I congratulate the PBAC for its recommendation to list the treatment on the PBS and for moving us closer to the goal of wider accessibility to Soliris. I also take this opportunity to thank the Minister for Health for all his assistance in this matter. I look forward to seeing this matter finalised and having this life-saving drug more accessible to all Australians who are afflicted with this most horrible condition.
Firstly I would like to congratulate the member for Parramatta for bringing to the parliament this important motion on atypical haemolytic uraemic syndrome. It is a motion that shows that this parliament is interested in providing treatments, medications and research in the area of rare diseases. aHUS is a rare disease. Only 60 to 70 Australians are living with this disease. It is a genetic disease that causes abnormal blood clots to form in small blood vessels. It can severely damage vital organs, such as the kidneys, the heart and the brain.
There are three major problems: there is progressive renal failure, problems associated with red blood cells and platelet counts and problems that occur in the vascular system. It is life threatening. It is an ultrarare disease. It is caused by a genetic deficiency in one or more of the complementary regulatory genes. It is definitely a life-threatening disease and people living with it have their life very much modified. aHUS is, as I said, a rare, life-threatening, progressive disease that frequently causes very, very severe impacts on those people that are living with it. It is in most cases caused by the chronic, uncontrolled activation of a branch of the body's immune system that destroys and removes foreign particles.

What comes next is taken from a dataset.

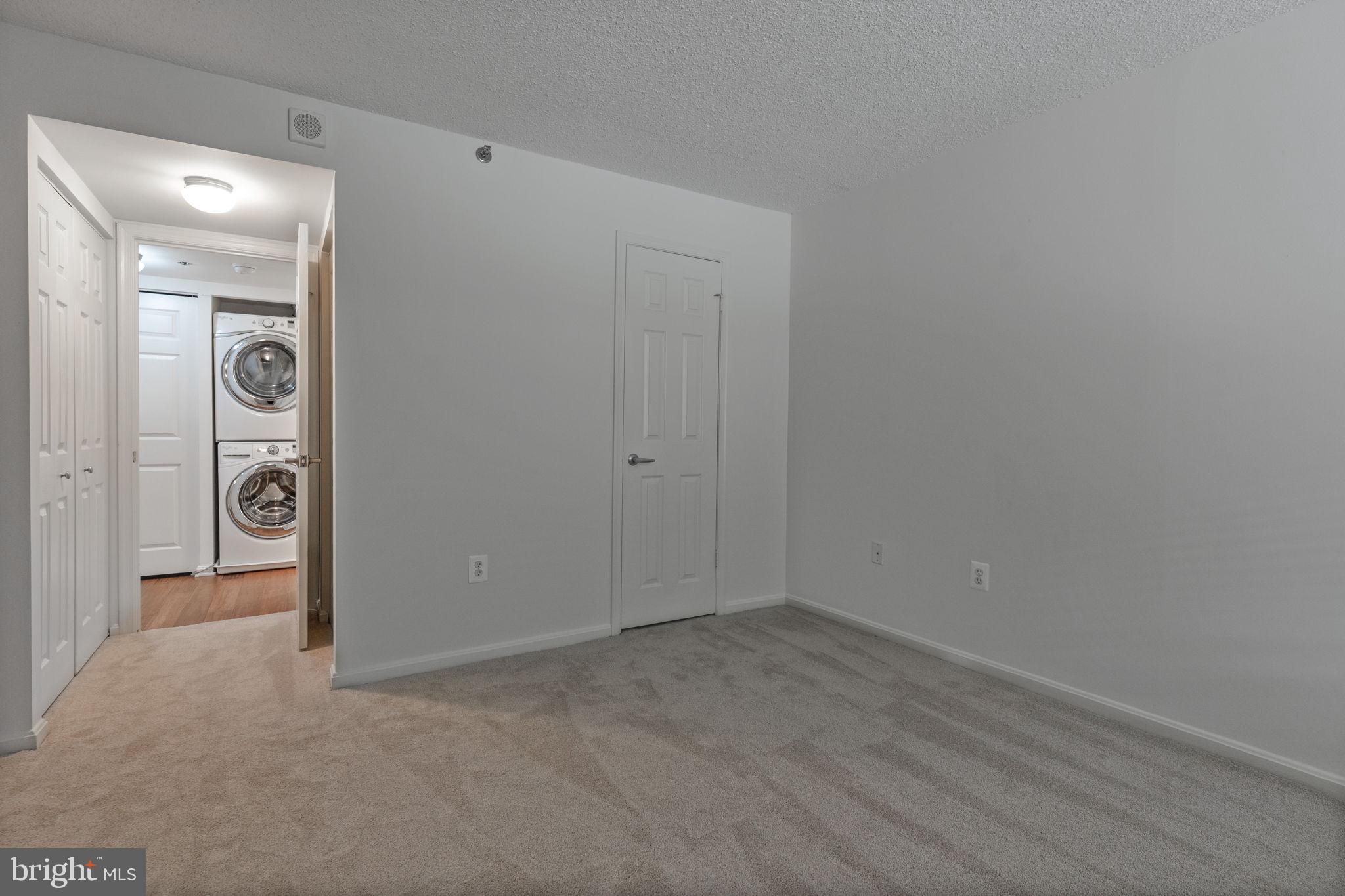 10101 GROSVENOR PLACE L03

The PBAC met recently and considered the listing of Soliris. It is a medication that can be used and used very successfully to treat aHUS. When it met it made the recommendation that this drug should be listed. The public summary documents outlined in detail the PBAC's recommendations for Soliris. That happened at its March 2014 meeting. The Department of Health is currently working with the medicine's sponsors, Alexion Pharmaceuticals Australasia Pty Ltd, to progress the PBAC recommendation. A stakeholder meeting was held on 24 June 2014. It included representatives from a number of organisations, including the Australian and New Zealand Paediatric Nephrology Association, the Haematology Society of Australia & New Zealand, Kidney Health Australia, aHUS Patient Support Group, rare voices Australia. I just need to emphasise again the wonderful work that rare voices does. It is not only aHUS but it is also any number of rare diseases where there is only a small number of patients that are actually living with that disease. They get in there and they advocate very strongly for those people living with the disease. It is through their work in a number of areas that there has been some changes and support offered to people who are living with a rare disease.

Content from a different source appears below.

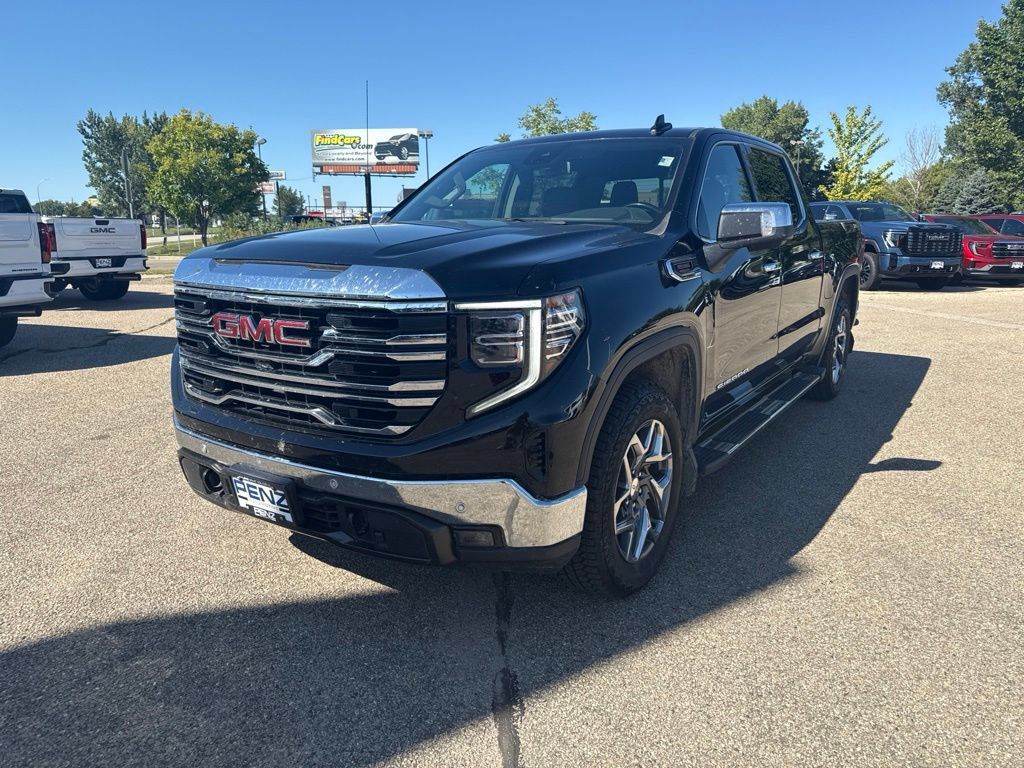 Used 2024 GMC Sierra 1500 SLT w/ SLT Premium Plus Package AWD/4WD image 1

The next step is for cabinet to consider the listing of this medication. As the member for Parramatta emphasised, a study showed that of the 40 patients on dialysis, 33 no longer received dialysis once they started using the medication Soliris. To my way of thinking that is a cost saving to government. If people no longer needed to undergo constant dialysis and that can be replaced with the medication Soliris, it is a good step—it is a step in the right direction. It not only improves the quality of life of those people that are living with aHUS but it is also a saving to government. I recommend the motion to the House.